-- Task input follows --
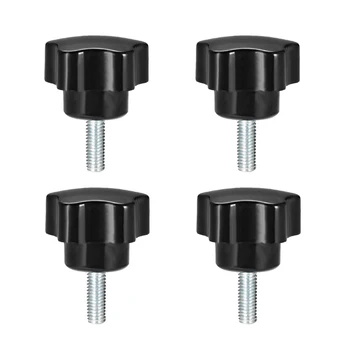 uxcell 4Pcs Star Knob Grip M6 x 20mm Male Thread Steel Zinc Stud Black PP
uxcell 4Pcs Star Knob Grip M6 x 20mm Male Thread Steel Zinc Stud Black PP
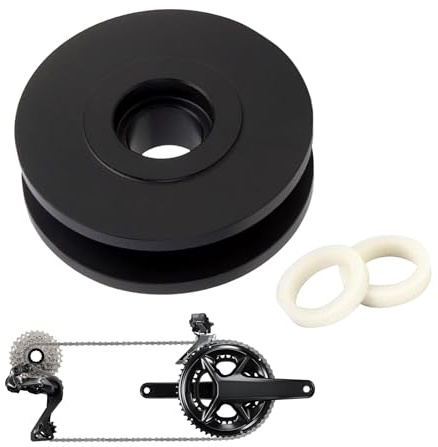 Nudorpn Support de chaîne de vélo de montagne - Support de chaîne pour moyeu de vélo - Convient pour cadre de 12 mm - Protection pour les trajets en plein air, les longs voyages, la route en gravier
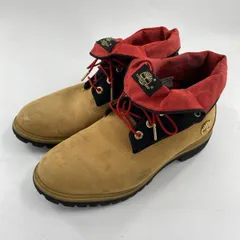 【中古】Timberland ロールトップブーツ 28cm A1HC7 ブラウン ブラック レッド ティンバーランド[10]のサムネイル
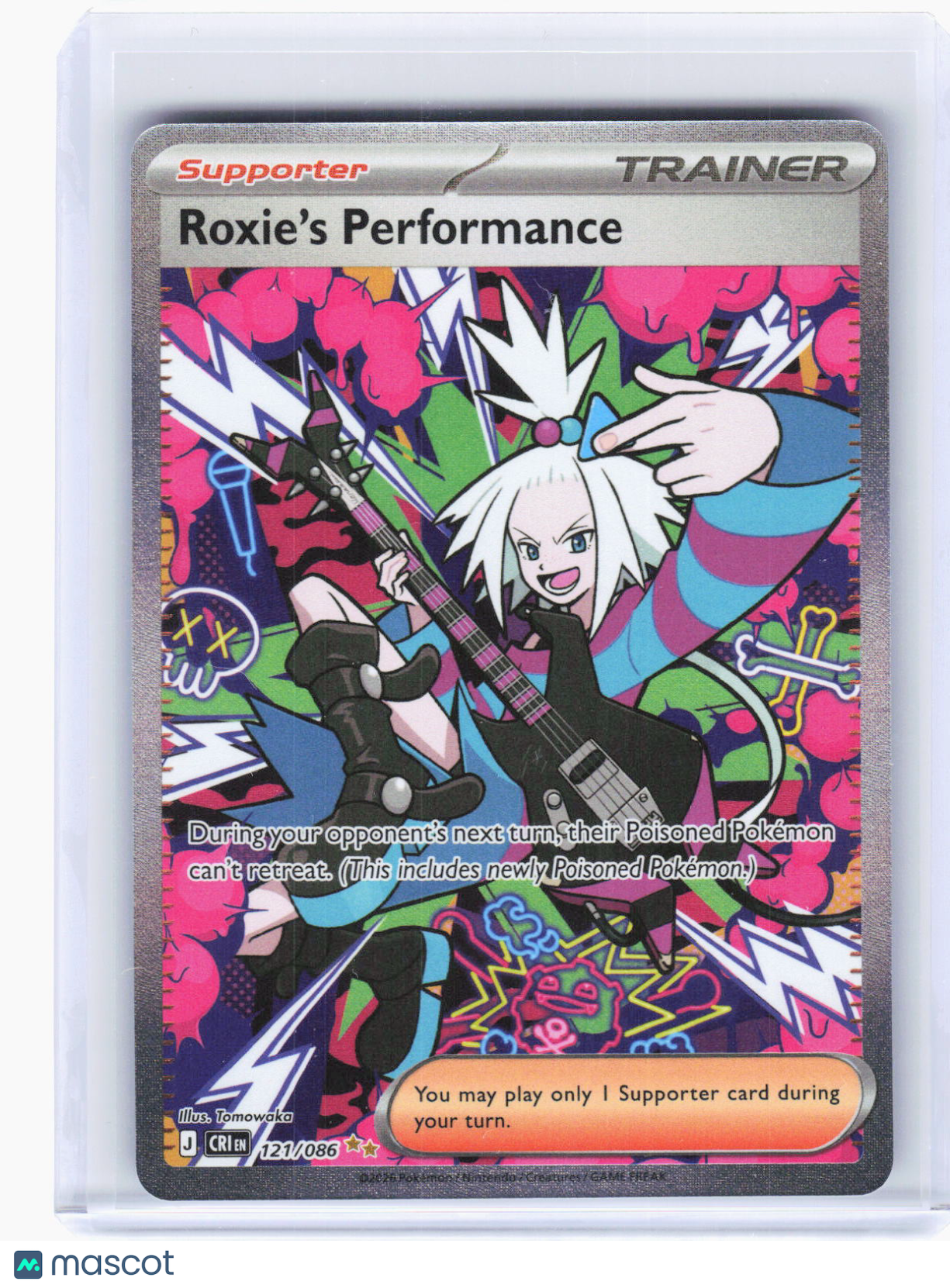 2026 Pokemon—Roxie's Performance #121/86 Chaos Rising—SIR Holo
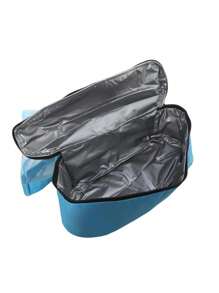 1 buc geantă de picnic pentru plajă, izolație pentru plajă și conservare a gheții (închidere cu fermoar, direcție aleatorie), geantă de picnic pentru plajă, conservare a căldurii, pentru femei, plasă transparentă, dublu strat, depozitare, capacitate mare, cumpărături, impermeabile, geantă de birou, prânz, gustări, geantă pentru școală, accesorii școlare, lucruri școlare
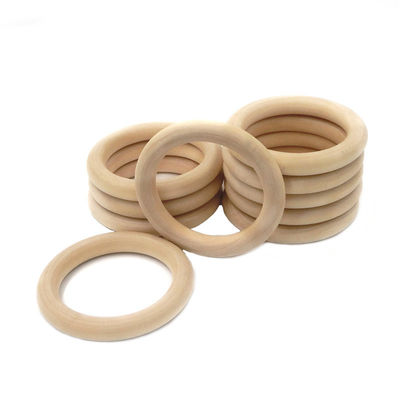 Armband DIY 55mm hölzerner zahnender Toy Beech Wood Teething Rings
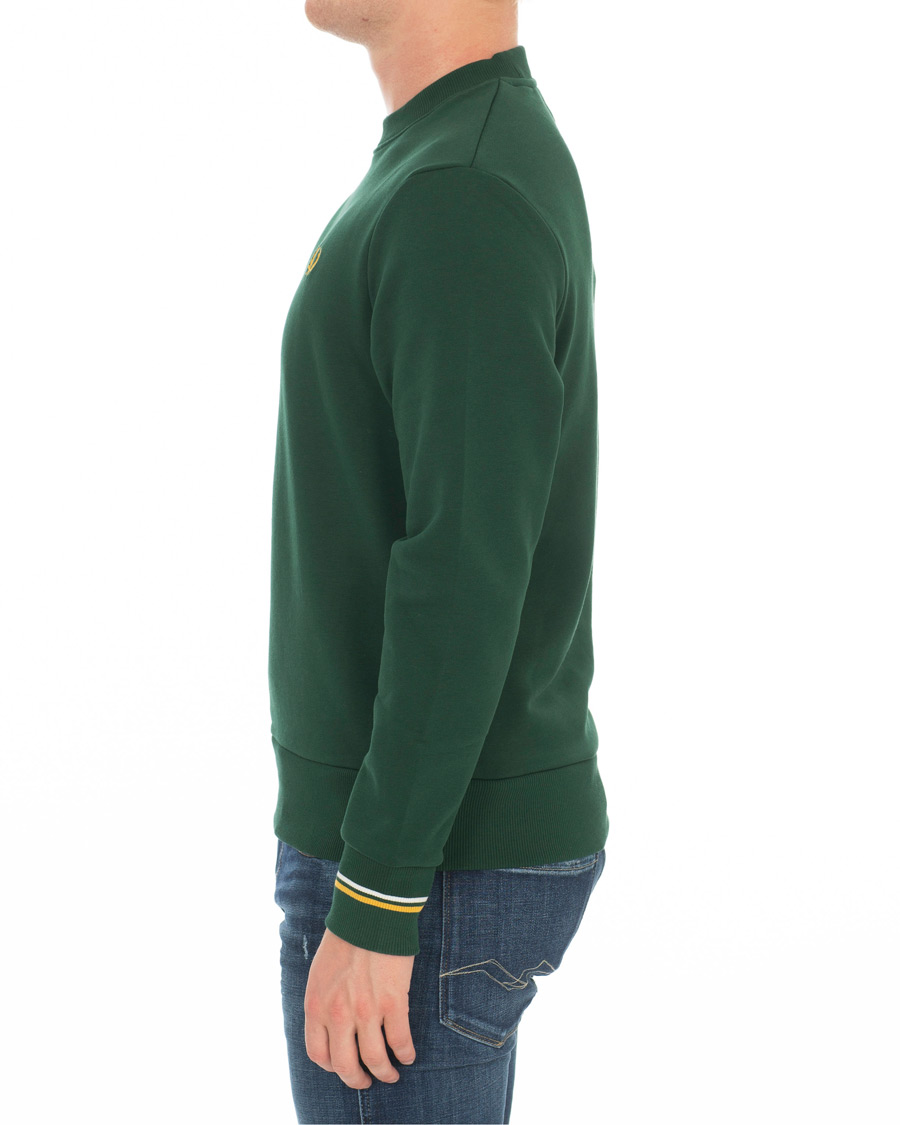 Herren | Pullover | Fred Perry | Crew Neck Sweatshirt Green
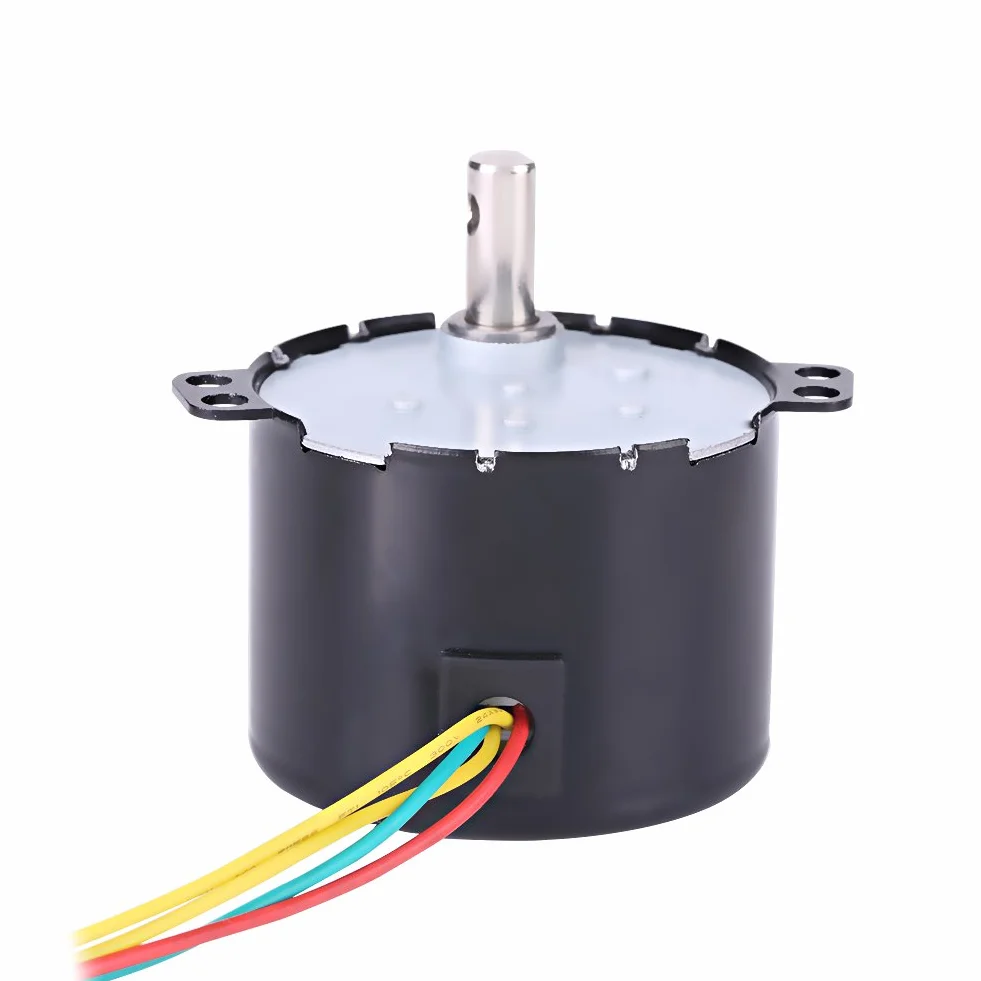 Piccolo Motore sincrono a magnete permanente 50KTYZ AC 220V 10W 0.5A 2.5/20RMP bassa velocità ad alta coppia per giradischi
-- Task input concluded --
-- Task input follows --
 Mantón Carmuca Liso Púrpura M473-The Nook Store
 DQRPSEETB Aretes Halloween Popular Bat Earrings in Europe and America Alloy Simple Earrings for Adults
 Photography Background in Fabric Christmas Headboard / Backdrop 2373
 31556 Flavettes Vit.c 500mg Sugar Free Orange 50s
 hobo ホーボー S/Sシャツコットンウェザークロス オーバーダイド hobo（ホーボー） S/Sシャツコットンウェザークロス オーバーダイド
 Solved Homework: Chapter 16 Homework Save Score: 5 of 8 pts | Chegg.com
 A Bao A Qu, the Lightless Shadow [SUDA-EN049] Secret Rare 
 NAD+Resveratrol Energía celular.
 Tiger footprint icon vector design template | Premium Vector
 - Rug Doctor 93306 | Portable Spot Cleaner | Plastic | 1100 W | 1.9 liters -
-- Task input concluded --
## [Your goal]
With the pictures omitted, restate word for word the lines above from the line that has "Nudorpn Support de" up to and including the line that has "Piccolo Motore sincrono", and no other lines.

## [Answer to this task]
 Nudorpn Support de chaîne de vélo de montagne - Support de chaîne pour moyeu de vélo - Convient pour cadre de 12 mm - Protection pour les trajets en plein air, les longs voyages, la route en gravier
 【中古】Timberland ロールトップブーツ 28cm A1HC7 ブラウン ブラック レッド ティンバーランド[10]のサムネイル
 2026 Pokemon—Roxie's Performance #121/86 Chaos Rising—SIR Holo
 1 buc geantă de picnic pentru plajă, izolație pentru plajă și conservare a gheții (închidere cu fermoar, direcție aleatorie), geantă de picnic pentru plajă, conservare a căldurii, pentru femei, plasă transparentă, dublu strat, depozitare, capacitate mare, cumpărături, impermeabile, geantă de birou, prânz, gustări, geantă pentru școală, accesorii școlare, lucruri școlare
 Armband DIY 55mm hölzerner zahnender Toy Beech Wood Teething Rings
 Herren | Pullover | Fred Perry | Crew Neck Sweatshirt Green
 Piccolo Motore sincrono a magnete permanente 50KTYZ AC 220V 10W 0.5A 2.5/20RMP bassa velocità ad alta coppia per giradischi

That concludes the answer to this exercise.